What is the Building Risk Review programme?
This is a national effort, led by the Government, to make high-rise residential buildings safer, and give us a better understanding of high-rise residential buildings across the country. It has come off the back of the tragic Grenfell Tower disaster and is now in its second phase.
The first phase of the programme focused on Aluminium Composite Material (ACM) cladding. This saw us, and other fire services right across the country, work with building owners to identify buildings with ACM cladding and report back to the Government.
The second phase, which began in October, involves the inspection of all high-rise residential buildings that are over 18 metres high or have six or more storeys. The target is for all buildings in South Yorkshire that fit this criteria to have been inspected by the end of December 2021.
You can you view the list buildings were are inspecting on our website here
What is the South Yorkshire Building Risk Review team?
This is the team, made up of experienced fire safety inspectors from within South Yorkshire Fire & Rescue, that are carrying out these Building Risk Review (BRR) inspections.
They came together in October 2020, thanks to a specific grant from the Government, and have already started inspecting buildings that meet the criteria.
They have around 200 ‘in scope’ buildings to look at within our county.
What will the team actually be doing?
First and foremost, they are contacting the responsible person for each ‘in scope’ building within the county to organise an inspection to assess the fire safety measures in place.
They will ask some initial questions, and go through a desktop audit process, to decide which buildings need to be inspected first.
They will then physically inspect each building, one by one, and raise any issues they find with the building management.
It’s important to note that the team is there to raise issues and offer advice and guidance. They are not able to physically deal with the issues themselves. As a result of their advice, action may be needed such as the removal of cladding or the introduction of waking watches. It is for the building owners to take such action.
What happens if you find something wrong with a building?
The team will raise any issues they find with the building management and work with them to get the problems dealt with as soon as possible.
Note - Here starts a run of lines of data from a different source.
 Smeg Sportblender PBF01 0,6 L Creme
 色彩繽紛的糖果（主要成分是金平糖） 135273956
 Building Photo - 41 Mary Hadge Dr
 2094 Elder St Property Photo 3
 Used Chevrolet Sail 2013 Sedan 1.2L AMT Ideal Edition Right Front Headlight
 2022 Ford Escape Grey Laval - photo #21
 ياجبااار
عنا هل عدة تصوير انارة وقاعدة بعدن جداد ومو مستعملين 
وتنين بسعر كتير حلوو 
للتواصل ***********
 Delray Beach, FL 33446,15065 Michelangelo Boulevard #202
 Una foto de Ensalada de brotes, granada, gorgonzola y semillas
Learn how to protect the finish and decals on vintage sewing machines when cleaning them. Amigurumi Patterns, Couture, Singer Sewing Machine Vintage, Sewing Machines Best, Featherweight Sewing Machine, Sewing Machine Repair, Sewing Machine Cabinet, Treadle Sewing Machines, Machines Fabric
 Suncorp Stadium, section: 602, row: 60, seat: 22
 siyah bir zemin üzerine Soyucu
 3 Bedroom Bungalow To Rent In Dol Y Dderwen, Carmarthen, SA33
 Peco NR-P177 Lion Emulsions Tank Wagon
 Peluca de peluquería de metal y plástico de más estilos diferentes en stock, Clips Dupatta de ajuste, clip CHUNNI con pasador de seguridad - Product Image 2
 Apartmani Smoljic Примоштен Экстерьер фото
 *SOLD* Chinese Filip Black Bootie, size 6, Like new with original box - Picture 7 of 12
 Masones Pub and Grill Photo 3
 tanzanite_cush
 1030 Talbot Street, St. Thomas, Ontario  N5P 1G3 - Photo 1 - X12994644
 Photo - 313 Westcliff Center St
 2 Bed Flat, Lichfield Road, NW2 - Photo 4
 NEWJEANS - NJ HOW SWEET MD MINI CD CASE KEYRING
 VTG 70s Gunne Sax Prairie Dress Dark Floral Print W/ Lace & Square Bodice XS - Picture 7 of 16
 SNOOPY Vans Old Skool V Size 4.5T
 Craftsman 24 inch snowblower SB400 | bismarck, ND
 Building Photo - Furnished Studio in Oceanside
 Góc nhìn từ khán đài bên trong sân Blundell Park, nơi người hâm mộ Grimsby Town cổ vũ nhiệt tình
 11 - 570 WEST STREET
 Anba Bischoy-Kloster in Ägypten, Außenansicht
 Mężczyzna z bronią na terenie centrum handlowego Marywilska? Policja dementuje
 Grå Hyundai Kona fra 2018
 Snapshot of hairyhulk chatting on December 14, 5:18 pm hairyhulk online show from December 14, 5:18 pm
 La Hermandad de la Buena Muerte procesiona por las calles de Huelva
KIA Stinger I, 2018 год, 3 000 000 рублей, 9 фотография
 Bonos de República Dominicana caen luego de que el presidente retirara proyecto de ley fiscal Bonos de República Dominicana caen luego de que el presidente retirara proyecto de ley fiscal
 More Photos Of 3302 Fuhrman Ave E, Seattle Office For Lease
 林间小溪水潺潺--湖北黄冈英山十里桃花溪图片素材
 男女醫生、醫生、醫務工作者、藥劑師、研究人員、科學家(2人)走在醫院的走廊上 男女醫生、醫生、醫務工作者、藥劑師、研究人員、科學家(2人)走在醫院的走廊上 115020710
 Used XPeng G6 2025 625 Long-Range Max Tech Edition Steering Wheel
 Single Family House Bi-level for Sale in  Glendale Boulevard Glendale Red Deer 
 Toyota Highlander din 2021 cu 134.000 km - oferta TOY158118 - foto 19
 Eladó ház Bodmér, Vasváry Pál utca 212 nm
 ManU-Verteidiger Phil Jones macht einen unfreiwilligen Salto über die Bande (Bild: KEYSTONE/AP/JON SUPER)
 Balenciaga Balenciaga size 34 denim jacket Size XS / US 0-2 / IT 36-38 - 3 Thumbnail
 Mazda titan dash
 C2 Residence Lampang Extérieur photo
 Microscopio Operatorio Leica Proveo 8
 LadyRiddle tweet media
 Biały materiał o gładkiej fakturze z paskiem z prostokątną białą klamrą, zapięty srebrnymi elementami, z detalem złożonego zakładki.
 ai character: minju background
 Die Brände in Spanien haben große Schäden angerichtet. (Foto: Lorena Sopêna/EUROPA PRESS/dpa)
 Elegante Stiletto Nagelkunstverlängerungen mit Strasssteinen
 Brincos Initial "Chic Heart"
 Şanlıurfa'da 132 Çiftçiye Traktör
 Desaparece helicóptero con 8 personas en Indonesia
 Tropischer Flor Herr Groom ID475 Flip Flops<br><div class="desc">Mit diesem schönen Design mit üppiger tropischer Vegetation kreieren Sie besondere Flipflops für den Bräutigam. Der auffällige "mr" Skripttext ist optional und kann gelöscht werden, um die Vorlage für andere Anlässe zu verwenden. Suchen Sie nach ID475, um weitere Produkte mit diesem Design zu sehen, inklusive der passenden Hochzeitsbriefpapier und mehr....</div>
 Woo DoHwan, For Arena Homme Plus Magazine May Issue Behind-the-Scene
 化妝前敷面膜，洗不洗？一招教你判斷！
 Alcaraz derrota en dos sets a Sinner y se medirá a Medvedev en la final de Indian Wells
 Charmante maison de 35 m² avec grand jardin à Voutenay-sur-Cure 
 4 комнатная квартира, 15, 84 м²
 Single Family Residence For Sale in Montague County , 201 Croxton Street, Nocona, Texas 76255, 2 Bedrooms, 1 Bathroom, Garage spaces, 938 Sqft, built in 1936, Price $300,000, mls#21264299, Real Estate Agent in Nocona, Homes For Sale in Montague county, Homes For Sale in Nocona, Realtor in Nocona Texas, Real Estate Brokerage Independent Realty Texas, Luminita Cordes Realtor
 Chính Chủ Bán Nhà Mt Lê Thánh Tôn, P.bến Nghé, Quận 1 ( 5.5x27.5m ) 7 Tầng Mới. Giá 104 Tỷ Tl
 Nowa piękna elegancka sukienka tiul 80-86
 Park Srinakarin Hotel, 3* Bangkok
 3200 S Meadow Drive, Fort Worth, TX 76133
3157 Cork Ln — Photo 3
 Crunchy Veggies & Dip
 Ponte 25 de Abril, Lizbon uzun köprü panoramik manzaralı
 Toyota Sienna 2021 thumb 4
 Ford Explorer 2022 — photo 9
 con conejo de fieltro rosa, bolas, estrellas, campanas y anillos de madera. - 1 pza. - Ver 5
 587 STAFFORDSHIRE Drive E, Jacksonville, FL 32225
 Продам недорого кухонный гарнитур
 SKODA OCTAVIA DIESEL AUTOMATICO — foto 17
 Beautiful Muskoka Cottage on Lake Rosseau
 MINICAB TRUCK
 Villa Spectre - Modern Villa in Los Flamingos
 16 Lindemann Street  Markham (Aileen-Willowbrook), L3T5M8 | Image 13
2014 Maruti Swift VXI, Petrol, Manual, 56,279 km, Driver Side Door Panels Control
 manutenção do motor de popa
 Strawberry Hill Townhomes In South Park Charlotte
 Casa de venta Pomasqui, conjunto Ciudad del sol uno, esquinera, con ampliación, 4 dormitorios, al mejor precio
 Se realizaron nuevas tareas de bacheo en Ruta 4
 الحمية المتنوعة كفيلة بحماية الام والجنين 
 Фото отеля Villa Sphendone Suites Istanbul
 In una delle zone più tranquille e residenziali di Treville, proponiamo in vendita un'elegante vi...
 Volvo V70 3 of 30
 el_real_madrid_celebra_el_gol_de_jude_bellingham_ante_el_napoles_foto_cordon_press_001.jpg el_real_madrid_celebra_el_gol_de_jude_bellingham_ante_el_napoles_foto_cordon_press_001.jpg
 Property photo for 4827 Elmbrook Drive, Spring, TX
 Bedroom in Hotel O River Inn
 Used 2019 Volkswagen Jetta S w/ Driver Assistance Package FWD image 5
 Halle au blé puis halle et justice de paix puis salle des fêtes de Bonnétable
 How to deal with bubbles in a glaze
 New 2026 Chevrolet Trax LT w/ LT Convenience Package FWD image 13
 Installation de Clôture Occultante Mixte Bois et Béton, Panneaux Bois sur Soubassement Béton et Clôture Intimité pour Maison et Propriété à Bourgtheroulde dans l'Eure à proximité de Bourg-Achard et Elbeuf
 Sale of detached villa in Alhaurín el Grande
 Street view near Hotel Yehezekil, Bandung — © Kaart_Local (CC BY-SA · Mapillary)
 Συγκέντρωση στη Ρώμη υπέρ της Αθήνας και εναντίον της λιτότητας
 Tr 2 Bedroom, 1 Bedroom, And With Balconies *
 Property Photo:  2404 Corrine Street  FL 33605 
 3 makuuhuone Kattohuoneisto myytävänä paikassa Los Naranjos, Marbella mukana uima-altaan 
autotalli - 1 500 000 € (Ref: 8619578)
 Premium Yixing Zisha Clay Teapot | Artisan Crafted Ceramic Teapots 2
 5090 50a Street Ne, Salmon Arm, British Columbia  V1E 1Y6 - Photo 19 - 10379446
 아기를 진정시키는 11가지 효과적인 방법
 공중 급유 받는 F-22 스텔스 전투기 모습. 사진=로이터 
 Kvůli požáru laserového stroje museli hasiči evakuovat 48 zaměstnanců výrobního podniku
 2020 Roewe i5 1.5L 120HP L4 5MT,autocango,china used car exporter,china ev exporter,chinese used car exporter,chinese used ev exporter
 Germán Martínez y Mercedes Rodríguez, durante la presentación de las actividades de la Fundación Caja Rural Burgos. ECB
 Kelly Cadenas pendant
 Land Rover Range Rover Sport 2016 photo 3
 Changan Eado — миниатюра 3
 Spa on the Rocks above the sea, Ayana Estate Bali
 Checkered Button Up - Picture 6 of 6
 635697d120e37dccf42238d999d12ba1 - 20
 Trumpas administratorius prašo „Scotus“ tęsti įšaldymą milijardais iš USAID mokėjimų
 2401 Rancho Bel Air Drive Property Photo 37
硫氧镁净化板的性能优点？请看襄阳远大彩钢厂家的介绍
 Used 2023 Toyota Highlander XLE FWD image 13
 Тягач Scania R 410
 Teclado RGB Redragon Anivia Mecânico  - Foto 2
In some cases, the team may feel the issues are serious enough to warrant an enforcement notice. This is where serious fire safety deficiencies are identified. Our inspectors, through the notice, will set a time frame for when the remedial work has to be completed.
In the most extreme cases, the team may have to issue a prohibition notice. This is where, using the powers given to us by the Regulatory Reform Fire Safety Order 2005, we will prohibit the use of the building, or certain parts of the building.
Regrettably, this would involve evacuating residents until the issues are dealt with. People should be assured, though, that it is rare to issue such a notice and we would, of course, work very closely with the building management to get people back in their homes as soon as possible. This option is a last resort and is only used when we feel a building, or a part of a building, is unsafe for people to be living in.
Who is responsible for dealing with issues raised?
As already stated, the building management and owners are responsible for dealing with the issues raised. Our job, as the fire and rescue service, is to raise issues and offer advice on what needs to be done to sort them out. We will then re-inspect buildings to ensure they are safe and that the necessary work has been carried out.
Why has this work not been done before?
It has. We have been inspecting buildings, including high-rise residential blocks, for many years.
This project is simply about accelerating the pace of these inspections so that we can implement the learning from the Grenfell Tower disaster sooner rather than later.
What about other buildings across the county?
Inspections will still take place at other buildings that aren’t ‘in scope’ for this project. We have a wider team of inspecting officers who will be carrying on their work to inspect all buildings in South Yorkshire, regardless of height.
We must stress that all responsible persons should ensure they are fully aware of their fire safety responsibilities, high-rise or not.